> **Problem to solve**
Repeat the lines from the line with "被蚊子咬了会不会留疤，小宝宝脸上被蚊子咬了 一直有疤痕怎么办" to the line with "沈陽杏林朱石江隆鼻隆鼻整形案例手術過程記錄" in the listing below, keeping both end lines and adding nothing.

> **Stored data**

□ □ □ □ □

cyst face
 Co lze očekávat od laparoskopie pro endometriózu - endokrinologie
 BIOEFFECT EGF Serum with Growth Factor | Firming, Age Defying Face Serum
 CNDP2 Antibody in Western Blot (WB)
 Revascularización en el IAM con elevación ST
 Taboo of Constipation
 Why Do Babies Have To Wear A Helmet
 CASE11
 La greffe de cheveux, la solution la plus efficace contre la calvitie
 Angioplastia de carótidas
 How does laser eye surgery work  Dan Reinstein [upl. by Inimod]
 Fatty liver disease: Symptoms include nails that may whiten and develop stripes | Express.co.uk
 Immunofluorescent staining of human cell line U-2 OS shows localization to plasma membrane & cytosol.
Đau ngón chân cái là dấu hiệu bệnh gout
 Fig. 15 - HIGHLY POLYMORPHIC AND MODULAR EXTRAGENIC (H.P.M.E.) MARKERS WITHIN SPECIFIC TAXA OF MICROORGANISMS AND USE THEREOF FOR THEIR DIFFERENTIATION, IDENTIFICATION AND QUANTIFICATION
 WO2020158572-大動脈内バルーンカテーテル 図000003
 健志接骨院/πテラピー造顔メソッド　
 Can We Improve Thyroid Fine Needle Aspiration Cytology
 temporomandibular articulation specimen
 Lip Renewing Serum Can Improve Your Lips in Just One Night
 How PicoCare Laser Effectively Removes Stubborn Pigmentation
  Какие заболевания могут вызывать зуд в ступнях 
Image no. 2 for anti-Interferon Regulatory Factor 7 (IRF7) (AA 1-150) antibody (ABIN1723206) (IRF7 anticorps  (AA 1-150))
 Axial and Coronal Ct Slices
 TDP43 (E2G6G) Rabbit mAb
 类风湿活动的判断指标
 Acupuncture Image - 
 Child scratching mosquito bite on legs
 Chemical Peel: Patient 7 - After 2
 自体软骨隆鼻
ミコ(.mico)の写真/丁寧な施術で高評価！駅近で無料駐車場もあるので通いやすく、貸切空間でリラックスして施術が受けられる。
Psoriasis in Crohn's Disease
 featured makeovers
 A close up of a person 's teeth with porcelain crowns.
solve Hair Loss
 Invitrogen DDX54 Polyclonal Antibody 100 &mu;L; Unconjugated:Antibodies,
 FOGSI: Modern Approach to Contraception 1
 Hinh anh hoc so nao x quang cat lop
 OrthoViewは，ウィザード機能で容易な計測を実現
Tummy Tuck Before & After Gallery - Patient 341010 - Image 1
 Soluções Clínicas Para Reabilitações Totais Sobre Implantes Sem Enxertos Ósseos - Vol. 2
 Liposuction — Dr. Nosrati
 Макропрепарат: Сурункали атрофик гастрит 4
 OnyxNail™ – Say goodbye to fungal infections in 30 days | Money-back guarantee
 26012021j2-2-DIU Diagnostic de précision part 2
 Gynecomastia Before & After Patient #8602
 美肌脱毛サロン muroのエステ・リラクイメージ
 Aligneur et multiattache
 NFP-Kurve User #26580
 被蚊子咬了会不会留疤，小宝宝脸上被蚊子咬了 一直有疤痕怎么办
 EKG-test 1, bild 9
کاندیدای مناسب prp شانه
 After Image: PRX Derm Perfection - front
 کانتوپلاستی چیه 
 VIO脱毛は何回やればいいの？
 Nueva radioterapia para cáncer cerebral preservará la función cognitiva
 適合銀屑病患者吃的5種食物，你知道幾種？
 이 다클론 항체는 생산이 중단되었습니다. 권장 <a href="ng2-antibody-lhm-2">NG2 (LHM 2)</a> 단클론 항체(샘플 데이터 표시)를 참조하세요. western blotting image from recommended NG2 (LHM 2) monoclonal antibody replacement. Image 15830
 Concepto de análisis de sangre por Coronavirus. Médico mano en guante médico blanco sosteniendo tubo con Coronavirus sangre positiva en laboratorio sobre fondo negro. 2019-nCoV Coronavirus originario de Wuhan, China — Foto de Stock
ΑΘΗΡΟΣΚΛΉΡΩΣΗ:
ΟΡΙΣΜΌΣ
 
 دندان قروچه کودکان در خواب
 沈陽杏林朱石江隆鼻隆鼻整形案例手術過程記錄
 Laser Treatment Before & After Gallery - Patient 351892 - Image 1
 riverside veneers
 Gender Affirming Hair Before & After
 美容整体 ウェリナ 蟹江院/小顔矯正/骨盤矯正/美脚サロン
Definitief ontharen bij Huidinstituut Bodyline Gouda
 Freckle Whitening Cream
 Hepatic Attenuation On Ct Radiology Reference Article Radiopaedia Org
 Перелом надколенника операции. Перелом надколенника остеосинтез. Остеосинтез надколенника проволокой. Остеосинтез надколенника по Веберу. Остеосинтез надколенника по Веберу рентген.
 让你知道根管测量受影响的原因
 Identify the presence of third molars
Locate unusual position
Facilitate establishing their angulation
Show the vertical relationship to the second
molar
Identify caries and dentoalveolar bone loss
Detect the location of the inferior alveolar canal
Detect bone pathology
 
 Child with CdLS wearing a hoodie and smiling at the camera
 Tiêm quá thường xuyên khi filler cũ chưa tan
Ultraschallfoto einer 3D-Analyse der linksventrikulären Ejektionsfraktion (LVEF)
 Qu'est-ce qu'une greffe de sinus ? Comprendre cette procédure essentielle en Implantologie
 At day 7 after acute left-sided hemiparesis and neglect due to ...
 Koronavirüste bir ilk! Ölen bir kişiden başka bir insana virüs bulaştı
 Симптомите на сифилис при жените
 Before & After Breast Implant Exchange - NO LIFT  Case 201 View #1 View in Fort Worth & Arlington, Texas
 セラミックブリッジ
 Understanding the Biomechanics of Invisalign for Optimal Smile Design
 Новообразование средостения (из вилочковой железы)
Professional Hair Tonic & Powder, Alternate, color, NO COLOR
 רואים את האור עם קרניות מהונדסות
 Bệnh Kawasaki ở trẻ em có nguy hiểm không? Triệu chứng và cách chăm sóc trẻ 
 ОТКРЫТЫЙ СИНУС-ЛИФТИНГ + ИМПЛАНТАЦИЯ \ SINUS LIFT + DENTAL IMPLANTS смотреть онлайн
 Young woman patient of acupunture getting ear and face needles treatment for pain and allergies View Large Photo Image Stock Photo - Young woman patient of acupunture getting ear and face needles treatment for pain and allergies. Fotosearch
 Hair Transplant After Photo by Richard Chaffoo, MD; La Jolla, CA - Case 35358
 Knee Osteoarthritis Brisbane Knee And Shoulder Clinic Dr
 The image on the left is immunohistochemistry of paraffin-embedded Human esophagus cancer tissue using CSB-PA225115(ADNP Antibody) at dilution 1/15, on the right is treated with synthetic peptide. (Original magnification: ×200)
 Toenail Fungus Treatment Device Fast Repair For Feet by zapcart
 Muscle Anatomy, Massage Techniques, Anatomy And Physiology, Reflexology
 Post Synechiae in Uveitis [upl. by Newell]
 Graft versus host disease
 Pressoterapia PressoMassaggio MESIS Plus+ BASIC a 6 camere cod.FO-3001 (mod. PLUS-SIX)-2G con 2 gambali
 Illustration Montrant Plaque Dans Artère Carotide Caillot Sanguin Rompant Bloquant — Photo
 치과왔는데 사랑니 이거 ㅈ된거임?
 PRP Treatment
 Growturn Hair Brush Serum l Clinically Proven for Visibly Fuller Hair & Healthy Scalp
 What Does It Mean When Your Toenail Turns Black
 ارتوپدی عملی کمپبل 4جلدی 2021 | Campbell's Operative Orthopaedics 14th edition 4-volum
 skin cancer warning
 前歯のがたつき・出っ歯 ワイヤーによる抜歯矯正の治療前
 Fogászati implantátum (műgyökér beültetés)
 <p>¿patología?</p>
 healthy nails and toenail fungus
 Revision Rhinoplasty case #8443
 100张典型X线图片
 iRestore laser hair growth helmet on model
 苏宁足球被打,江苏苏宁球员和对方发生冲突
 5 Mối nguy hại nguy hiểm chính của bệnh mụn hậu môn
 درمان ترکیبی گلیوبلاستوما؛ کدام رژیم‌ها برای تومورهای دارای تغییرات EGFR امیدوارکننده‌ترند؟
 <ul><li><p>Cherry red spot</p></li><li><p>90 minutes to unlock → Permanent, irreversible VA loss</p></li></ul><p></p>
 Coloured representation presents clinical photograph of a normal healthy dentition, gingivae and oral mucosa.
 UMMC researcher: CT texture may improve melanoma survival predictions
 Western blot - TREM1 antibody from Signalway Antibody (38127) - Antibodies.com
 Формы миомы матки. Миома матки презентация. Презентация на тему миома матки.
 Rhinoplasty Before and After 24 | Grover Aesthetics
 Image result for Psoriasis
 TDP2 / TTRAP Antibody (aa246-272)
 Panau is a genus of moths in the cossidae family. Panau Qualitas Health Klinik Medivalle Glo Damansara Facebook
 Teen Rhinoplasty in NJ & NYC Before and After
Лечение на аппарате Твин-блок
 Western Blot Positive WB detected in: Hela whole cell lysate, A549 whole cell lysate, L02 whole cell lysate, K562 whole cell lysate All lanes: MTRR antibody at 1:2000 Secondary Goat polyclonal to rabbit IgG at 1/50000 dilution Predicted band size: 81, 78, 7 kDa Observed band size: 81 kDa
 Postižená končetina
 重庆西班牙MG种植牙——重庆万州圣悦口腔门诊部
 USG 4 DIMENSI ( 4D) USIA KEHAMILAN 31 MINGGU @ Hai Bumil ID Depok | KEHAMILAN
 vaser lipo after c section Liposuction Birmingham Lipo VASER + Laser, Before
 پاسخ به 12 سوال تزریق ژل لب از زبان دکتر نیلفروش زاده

□ □ □ □ □

> **Finished exercise**
 被蚊子咬了会不会留疤，小宝宝脸上被蚊子咬了 一直有疤痕怎么办
 EKG-test 1, bild 9
کاندیدای مناسب prp شانه
 After Image: PRX Derm Perfection - front
 کانتوپلاستی چیه 
 VIO脱毛は何回やればいいの？
 Nueva radioterapia para cáncer cerebral preservará la función cognitiva
 適合銀屑病患者吃的5種食物，你知道幾種？
 이 다클론 항체는 생산이 중단되었습니다. 권장 <a href="ng2-antibody-lhm-2">NG2 (LHM 2)</a> 단클론 항체(샘플 데이터 표시)를 참조하세요. western blotting image from recommended NG2 (LHM 2) monoclonal antibody replacement. Image 15830
 Concepto de análisis de sangre por Coronavirus. Médico mano en guante médico blanco sosteniendo tubo con Coronavirus sangre positiva en laboratorio sobre fondo negro. 2019-nCoV Coronavirus originario de Wuhan, China — Foto de Stock
ΑΘΗΡΟΣΚΛΉΡΩΣΗ:
ΟΡΙΣΜΌΣ
 
 دندان قروچه کودکان در خواب
 沈陽杏林朱石江隆鼻隆鼻整形案例手術過程記錄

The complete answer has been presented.